TASK GOAL = Output exactly the lines below, starting with the line that has "Parame House |" and going on through the line that has "Tussenwoning te koop: Oostsingel", both included, and no other lines.

TASK INPUTS =
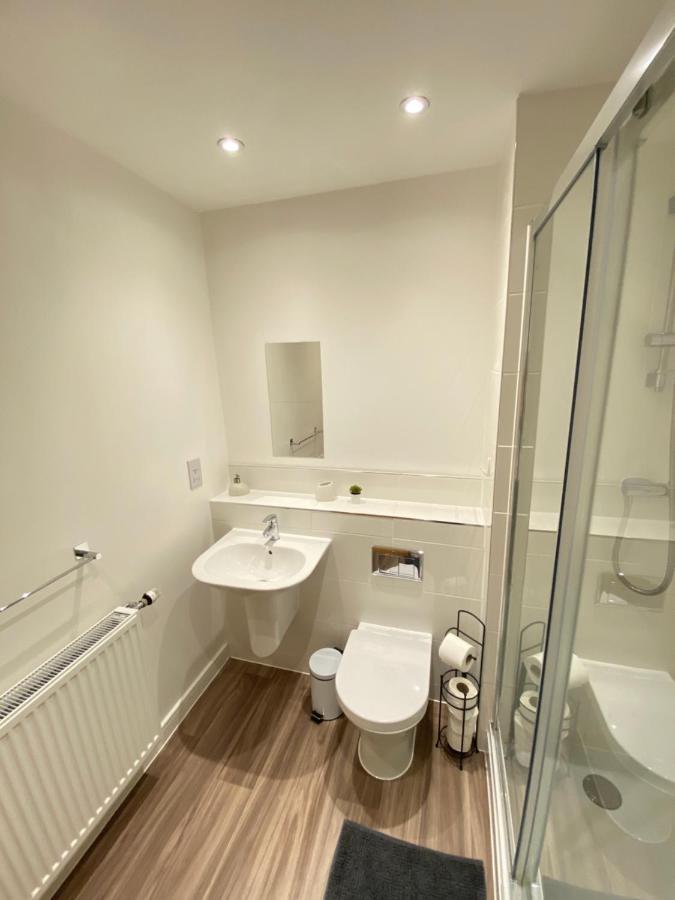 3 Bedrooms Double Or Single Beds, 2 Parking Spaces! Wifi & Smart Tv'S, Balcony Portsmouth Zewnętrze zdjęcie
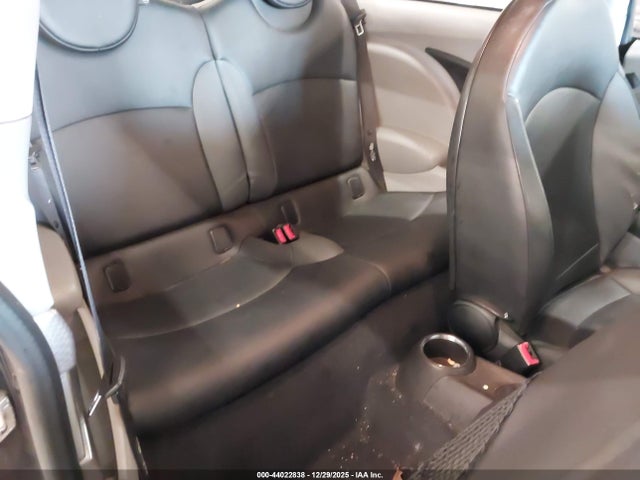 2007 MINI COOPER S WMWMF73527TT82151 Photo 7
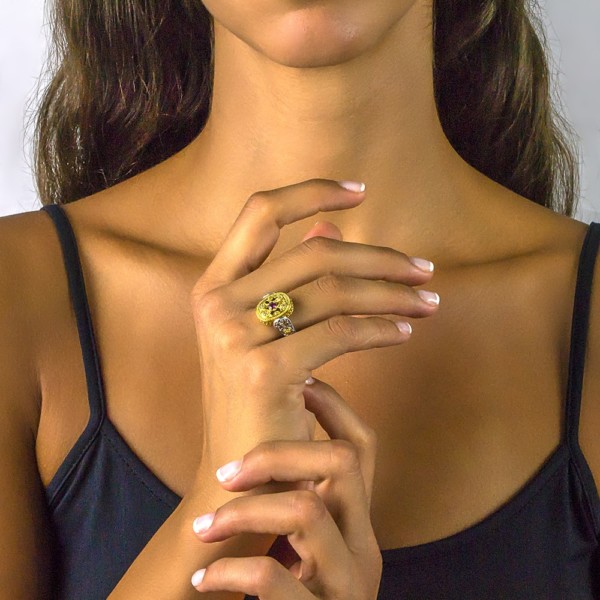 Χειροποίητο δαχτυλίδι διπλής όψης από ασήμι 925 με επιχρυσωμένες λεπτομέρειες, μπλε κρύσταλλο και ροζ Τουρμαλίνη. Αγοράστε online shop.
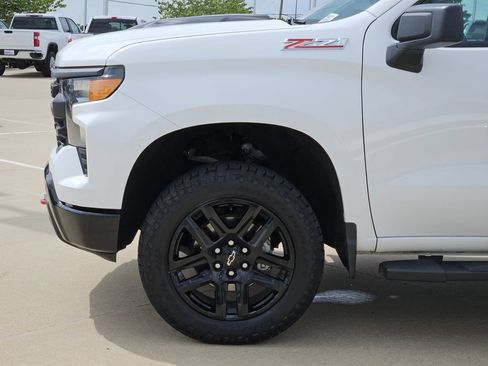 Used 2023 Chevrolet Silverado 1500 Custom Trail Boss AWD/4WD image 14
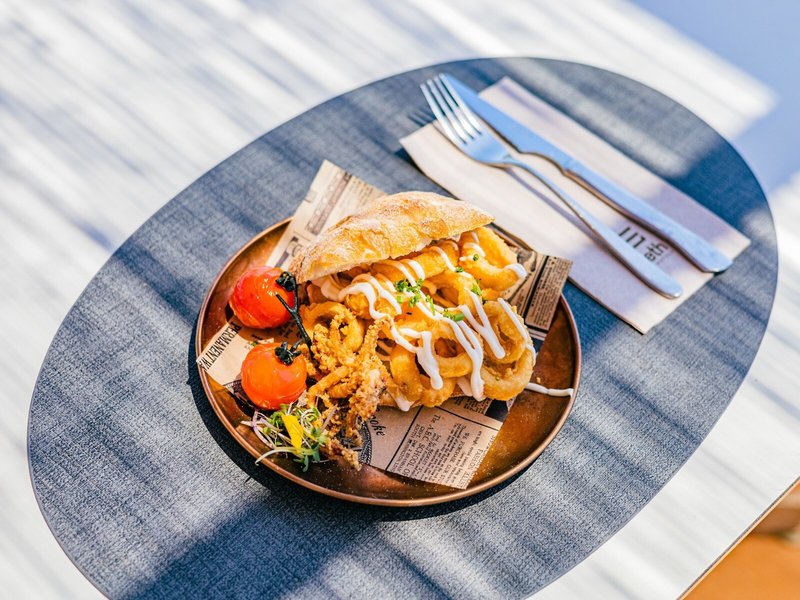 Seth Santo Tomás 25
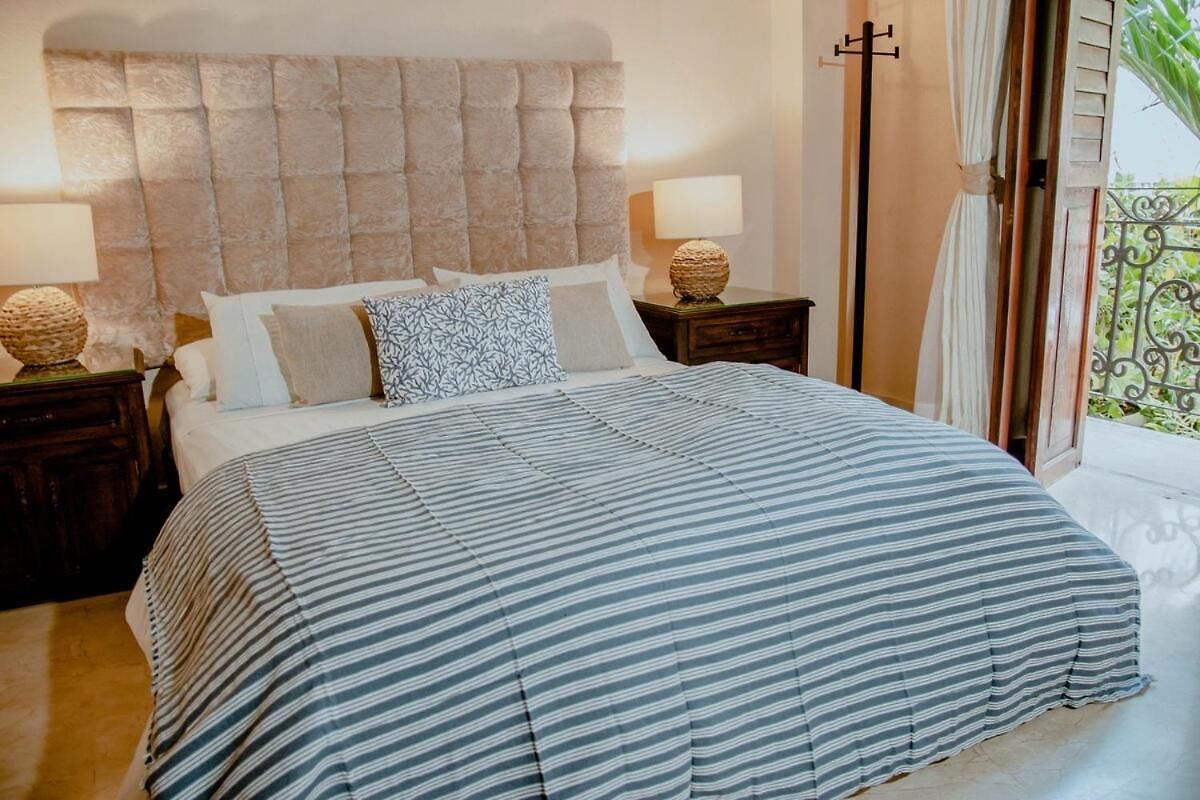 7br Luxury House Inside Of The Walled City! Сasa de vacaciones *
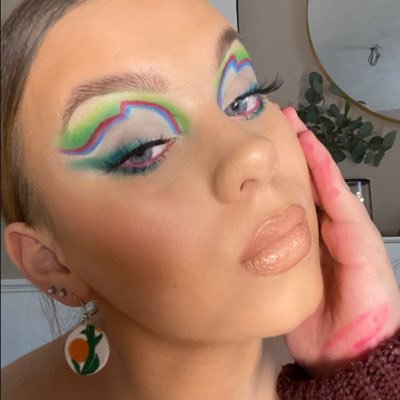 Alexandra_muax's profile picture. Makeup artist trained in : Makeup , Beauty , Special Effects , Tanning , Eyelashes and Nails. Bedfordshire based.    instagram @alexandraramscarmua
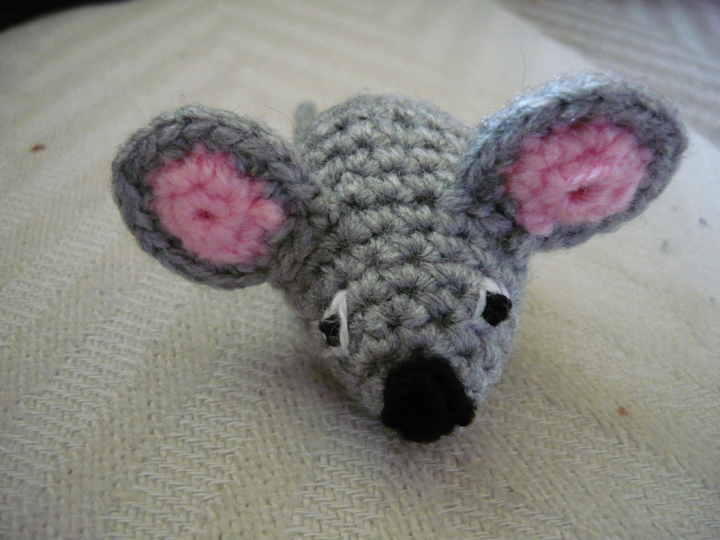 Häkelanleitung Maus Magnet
* * *
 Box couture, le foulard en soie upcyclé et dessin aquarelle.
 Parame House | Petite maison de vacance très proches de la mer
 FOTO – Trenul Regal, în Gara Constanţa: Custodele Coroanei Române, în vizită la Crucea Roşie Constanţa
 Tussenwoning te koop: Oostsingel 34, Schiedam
...
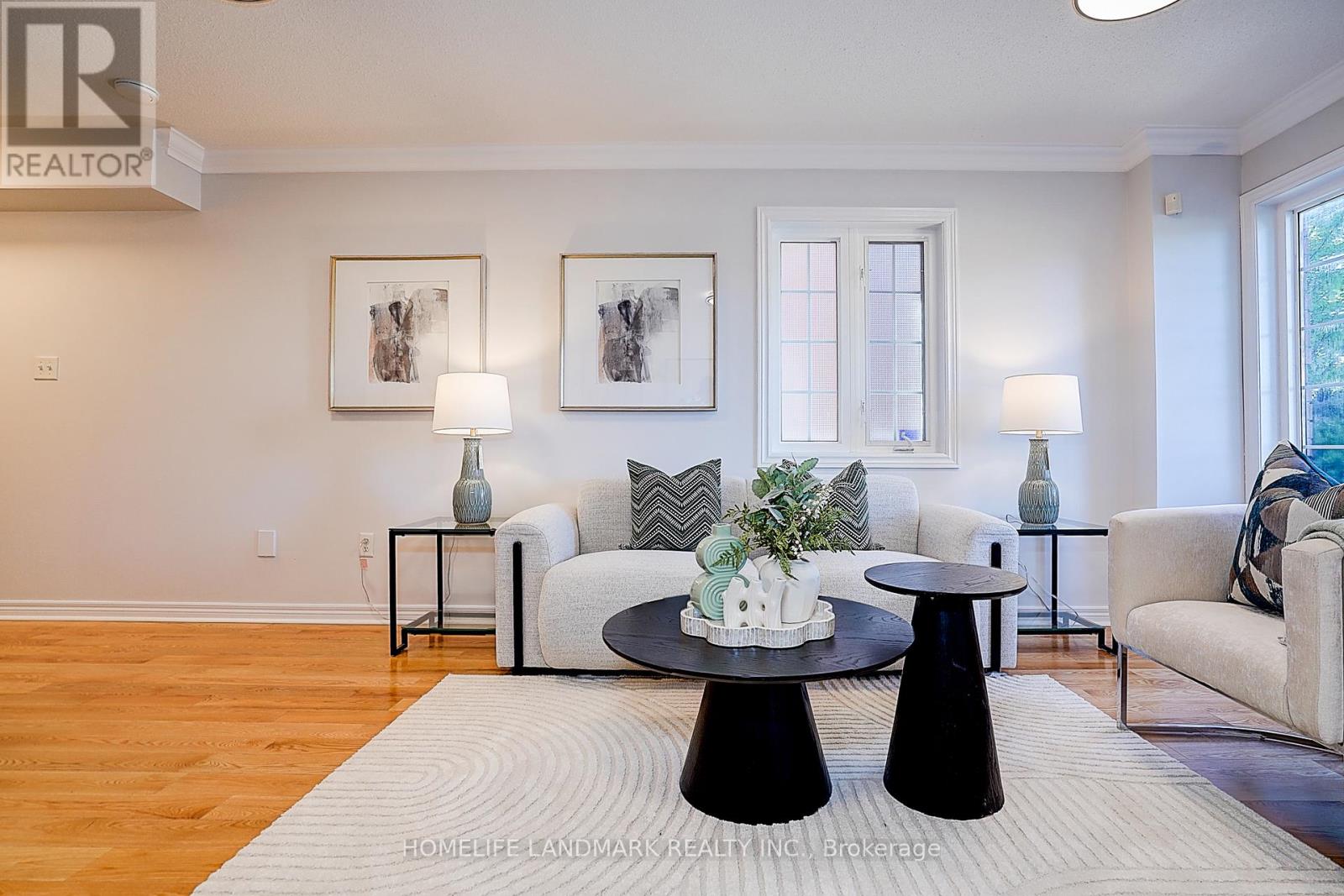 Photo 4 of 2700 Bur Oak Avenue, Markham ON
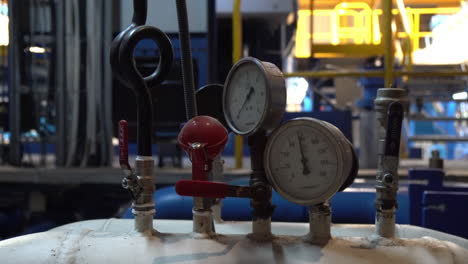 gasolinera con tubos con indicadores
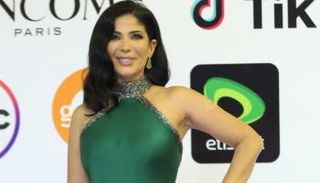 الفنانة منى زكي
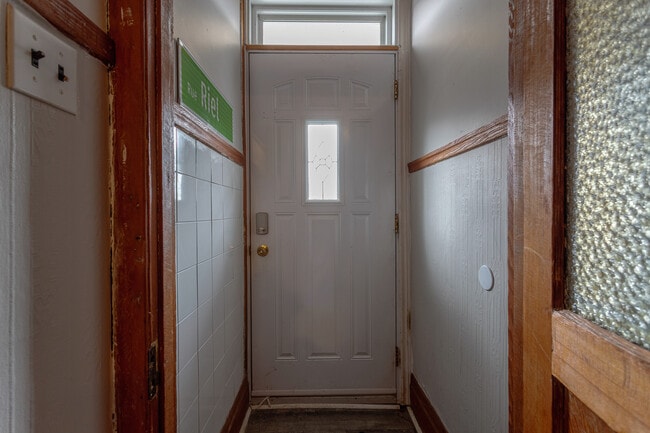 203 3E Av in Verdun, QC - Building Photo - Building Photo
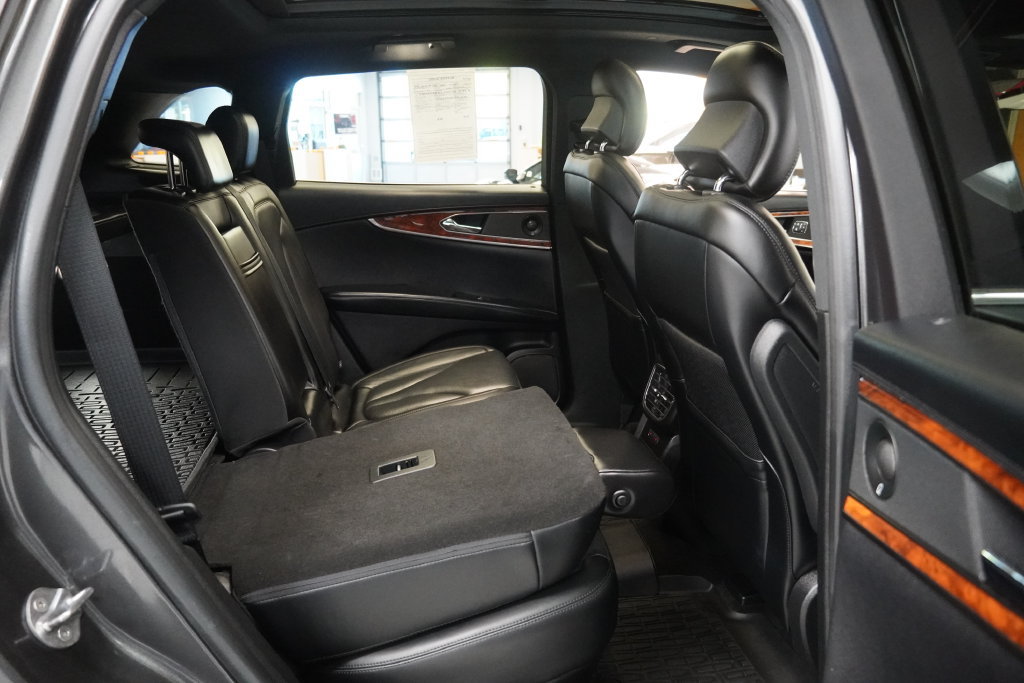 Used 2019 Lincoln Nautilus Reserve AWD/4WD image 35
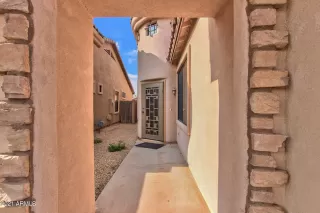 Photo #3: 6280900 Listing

SOLUTION =
 Parame House | Petite maison de vacance très proches de la mer
 FOTO – Trenul Regal, în Gara Constanţa: Custodele Coroanei Române, în vizită la Crucea Roşie Constanţa
 Tussenwoning te koop: Oostsingel 34, Schiedam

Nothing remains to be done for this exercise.